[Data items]
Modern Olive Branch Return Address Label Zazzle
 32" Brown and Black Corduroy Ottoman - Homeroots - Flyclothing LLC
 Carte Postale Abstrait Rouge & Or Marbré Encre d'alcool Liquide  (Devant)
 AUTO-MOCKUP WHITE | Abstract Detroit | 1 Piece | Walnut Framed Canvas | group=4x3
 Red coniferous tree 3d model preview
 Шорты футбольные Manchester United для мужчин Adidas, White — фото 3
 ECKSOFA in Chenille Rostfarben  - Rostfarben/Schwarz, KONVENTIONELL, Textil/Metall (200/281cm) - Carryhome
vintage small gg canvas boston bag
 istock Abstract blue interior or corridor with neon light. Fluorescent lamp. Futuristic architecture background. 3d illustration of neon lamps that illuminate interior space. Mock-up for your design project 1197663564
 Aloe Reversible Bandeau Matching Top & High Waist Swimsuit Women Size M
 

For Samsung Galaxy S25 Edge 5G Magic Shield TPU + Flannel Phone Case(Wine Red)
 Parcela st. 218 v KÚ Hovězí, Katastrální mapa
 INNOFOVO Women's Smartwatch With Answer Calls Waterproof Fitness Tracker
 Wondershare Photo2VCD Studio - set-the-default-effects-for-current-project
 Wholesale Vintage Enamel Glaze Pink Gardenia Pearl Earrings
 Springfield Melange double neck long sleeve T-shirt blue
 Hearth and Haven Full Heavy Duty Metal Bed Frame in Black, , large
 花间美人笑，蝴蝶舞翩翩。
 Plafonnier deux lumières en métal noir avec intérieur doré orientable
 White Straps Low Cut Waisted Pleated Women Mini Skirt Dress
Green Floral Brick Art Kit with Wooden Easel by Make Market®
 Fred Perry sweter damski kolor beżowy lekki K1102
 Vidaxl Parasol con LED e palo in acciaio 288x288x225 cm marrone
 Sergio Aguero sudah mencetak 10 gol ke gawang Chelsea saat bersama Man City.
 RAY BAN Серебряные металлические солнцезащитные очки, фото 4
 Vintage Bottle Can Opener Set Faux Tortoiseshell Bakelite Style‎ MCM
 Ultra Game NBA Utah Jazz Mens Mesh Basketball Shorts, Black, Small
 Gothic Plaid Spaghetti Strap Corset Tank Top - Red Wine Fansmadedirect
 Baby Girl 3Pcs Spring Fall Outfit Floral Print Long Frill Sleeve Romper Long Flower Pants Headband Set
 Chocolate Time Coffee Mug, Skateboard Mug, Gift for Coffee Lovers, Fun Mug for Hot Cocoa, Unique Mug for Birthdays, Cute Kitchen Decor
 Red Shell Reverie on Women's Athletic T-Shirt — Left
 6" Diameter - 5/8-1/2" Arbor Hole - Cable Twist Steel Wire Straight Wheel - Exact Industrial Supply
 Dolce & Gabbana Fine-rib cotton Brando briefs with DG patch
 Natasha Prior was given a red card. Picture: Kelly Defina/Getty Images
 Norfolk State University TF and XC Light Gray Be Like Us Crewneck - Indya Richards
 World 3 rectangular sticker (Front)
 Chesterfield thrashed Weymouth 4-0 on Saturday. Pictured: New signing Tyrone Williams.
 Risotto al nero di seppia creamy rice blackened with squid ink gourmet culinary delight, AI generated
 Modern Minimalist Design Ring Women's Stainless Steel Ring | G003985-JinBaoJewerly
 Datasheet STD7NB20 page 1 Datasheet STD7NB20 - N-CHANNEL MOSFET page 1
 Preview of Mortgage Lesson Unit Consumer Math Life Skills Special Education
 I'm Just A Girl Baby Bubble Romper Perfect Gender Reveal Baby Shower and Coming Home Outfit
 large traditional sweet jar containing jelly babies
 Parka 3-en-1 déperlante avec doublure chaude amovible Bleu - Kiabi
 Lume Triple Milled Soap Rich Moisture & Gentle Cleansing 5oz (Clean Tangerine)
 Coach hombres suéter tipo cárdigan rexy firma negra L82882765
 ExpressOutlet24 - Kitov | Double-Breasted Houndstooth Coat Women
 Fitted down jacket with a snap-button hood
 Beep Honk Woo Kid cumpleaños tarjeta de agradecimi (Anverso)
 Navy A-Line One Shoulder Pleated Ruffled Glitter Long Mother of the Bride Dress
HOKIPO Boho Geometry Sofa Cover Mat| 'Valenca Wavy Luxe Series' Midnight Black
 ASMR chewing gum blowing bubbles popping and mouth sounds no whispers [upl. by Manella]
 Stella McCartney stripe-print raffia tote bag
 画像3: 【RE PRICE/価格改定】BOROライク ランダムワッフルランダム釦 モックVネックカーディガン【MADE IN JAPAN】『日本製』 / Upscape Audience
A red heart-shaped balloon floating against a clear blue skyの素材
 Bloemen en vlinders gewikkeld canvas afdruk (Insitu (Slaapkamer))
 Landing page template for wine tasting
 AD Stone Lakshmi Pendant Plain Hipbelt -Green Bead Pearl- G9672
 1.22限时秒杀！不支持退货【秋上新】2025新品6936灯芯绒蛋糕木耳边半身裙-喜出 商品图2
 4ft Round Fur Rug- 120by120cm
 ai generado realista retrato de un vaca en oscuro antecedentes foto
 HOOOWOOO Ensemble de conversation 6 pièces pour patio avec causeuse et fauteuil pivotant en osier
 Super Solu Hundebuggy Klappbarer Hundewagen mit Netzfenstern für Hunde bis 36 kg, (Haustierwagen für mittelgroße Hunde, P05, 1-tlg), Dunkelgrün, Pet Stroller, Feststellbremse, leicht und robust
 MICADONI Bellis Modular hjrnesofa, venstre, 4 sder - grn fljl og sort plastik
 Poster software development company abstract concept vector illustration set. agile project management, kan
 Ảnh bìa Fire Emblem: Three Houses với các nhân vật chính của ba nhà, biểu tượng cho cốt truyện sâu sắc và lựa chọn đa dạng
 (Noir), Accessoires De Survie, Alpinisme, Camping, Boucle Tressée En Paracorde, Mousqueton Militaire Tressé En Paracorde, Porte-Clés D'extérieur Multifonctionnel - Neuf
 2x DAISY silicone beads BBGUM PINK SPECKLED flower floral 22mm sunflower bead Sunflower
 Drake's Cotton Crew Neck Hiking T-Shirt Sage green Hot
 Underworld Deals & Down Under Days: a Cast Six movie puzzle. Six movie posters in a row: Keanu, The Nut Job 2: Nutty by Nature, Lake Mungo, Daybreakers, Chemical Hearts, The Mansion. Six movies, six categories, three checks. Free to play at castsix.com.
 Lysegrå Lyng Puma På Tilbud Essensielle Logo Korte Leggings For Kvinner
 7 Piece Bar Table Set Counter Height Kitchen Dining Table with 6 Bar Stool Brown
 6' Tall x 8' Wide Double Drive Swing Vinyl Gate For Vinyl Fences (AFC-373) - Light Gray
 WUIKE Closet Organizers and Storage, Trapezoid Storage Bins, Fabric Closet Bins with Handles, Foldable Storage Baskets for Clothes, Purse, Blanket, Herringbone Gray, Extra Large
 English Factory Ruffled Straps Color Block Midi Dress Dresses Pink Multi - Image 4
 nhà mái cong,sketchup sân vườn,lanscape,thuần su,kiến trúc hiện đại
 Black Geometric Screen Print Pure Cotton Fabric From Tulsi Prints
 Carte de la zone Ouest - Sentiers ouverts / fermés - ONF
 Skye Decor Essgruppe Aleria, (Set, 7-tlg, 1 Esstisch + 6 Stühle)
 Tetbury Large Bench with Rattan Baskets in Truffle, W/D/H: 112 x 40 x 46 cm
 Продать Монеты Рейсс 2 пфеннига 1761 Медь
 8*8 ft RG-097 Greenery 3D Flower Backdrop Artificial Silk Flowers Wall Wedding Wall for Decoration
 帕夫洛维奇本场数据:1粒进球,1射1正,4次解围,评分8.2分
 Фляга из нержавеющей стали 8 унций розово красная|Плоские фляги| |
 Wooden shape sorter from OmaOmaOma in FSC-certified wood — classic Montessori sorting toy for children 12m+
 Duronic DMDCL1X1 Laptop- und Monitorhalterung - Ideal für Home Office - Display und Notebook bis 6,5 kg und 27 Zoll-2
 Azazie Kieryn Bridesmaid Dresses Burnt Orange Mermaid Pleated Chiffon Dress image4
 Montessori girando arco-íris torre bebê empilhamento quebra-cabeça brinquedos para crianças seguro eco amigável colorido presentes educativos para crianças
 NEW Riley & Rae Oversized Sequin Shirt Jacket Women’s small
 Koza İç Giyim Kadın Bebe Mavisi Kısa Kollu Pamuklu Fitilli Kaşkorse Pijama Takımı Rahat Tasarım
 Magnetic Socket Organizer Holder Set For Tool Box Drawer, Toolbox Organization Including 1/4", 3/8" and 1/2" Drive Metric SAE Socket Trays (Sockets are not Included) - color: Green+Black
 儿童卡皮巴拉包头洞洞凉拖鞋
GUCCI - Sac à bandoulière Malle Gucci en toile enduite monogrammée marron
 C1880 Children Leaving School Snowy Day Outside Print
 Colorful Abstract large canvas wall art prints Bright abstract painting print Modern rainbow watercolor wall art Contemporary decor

PROBLEM STATEMENT –
The required answer is the exact run of lines above starting at the line with "Super Solu Hundebuggy" and ending at the line with "Poster software development", with both ends present.

REPLY TO THE EXERCISE –
 Super Solu Hundebuggy Klappbarer Hundewagen mit Netzfenstern für Hunde bis 36 kg, (Haustierwagen für mittelgroße Hunde, P05, 1-tlg), Dunkelgrün, Pet Stroller, Feststellbremse, leicht und robust
 MICADONI Bellis Modular hjrnesofa, venstre, 4 sder - grn fljl og sort plastik
 Poster software development company abstract concept vector illustration set. agile project management, kan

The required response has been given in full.